Say Goodbye to the World’s Smartest Coach

Notre Dame has fired its football coach, and this is getting to be kind of a habit in South Bend. The reason for the firing was the usual: The coach didn’t win enough games, not for Notre Dame, certainly, and not even for a mid-level Big Ten or ACC school. Not only did Charlie Weis not win enough games; he won none of the big ones and lost some of the really small ones. Prior to 2007, Notre Dame had defeated Navy in 43 consecutive games, going back to a time before Vietnam when the service academies could still compete with anyone on the college-football scene.

Before Weis took over, Notre Dame fans would look over the schedule ahead of the season and pencil in a neat little “W” next to Navy.
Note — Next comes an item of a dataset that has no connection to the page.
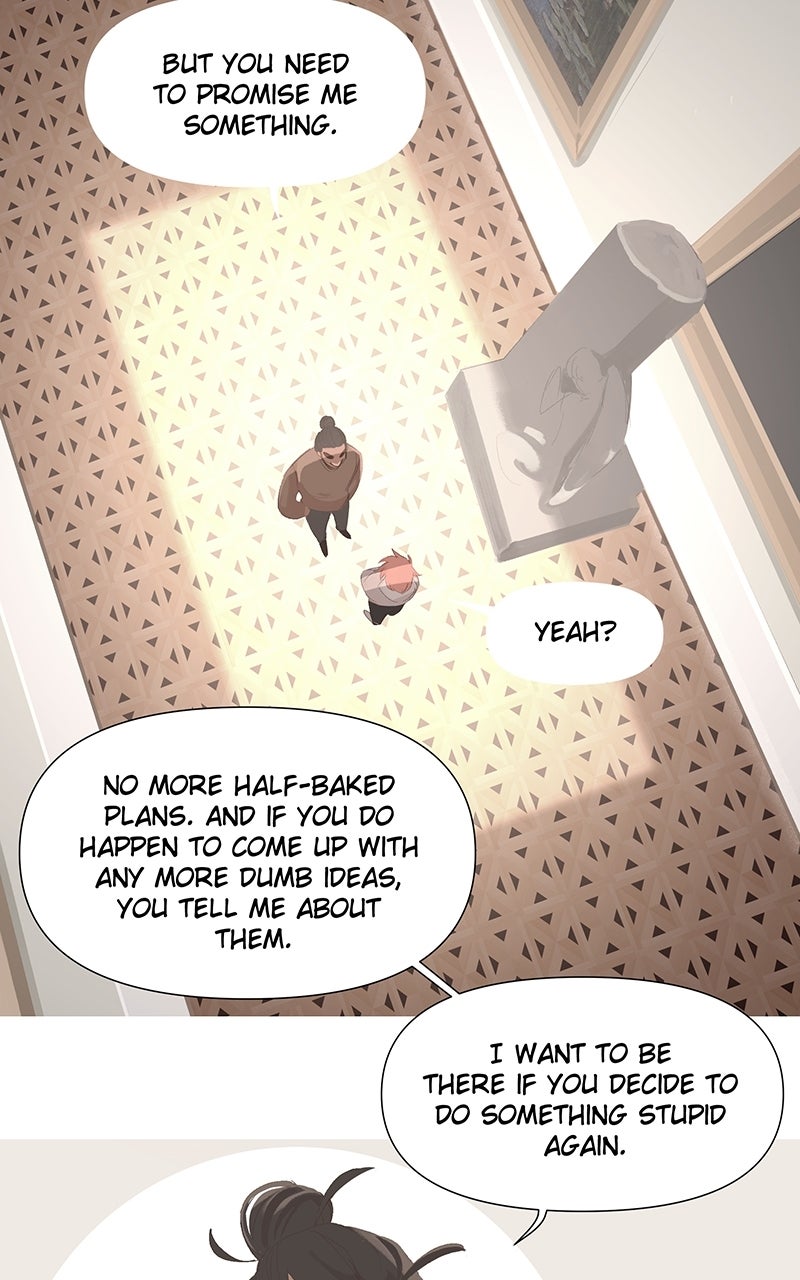 Distress Episode 10 page 35 -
Then, two years ago, Navy beat Notre Dame. None of the players on that Navy squad would have been offered a scholarship by Charlie Weis. None, probably, could have made his team as a walk-on. Still, that happened in the worst of Weis’s five seasons — Notre Dame finished 3-9 — and his supporters could be forgiven for thinking of it as an aberration. As soon as Weis had all his own players on the field and his own system in place . . .

Then, this year, it happened again. Another loss to Navy. Other losses quickly followed. To Connecticut. To Pittsburgh. To Stanford. Final record for the season: 6-6. In the five Charlie Weis years, Notre Dame never won a big game, and never even beat a team that finished the season ranked in the Top 20.

The only iconic American institution that has fallen further and still survives is, arguably, General Motors.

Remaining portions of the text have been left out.